* [Supplied entries]
=== Section Start ===

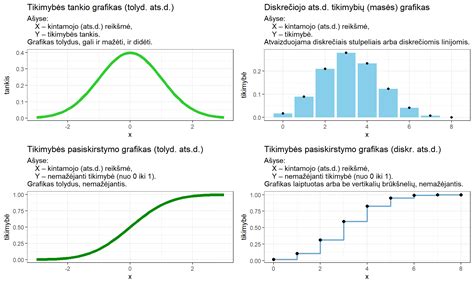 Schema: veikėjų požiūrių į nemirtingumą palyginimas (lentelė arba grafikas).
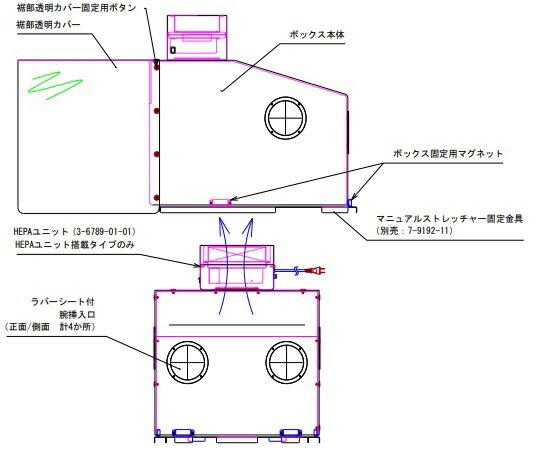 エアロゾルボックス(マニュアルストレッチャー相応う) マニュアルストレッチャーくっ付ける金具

=== Section End ===
=== Section Start ===

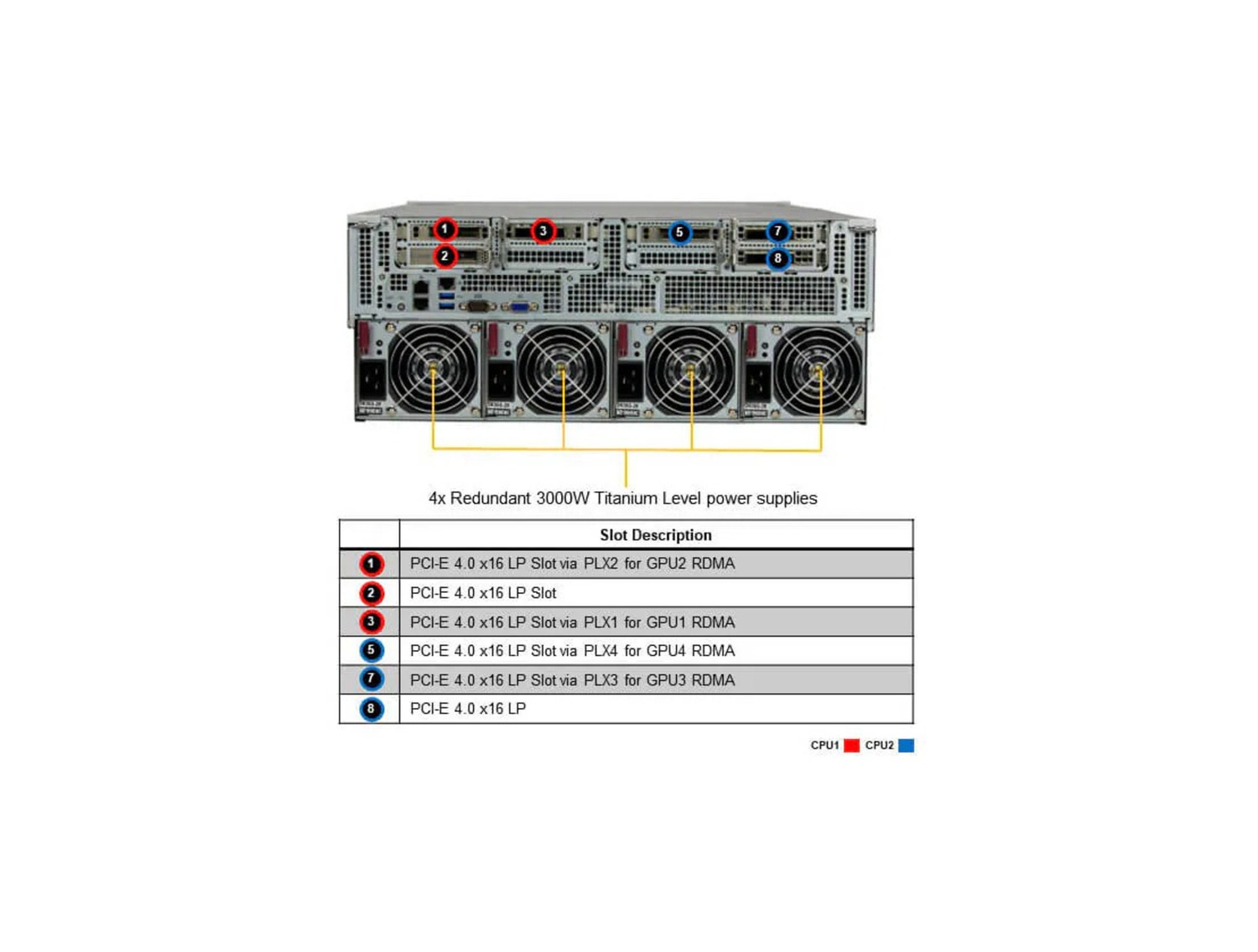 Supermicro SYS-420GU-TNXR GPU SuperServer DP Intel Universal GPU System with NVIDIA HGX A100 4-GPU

=== Section End ===

* [Task statement]
Nothing but the lines above from the one that has "Schema: veikėjų požiūrių" down to the one that has "エアロゾルボックス(マニュア" belongs in the answer, copied exactly, without pictures.

* [Result of the task]
 Schema: veikėjų požiūrių į nemirtingumą palyginimas (lentelė arba grafikas).
 エアロゾルボックス(マニュアルストレッチャー相応う) マニュアルストレッチャーくっ付ける金具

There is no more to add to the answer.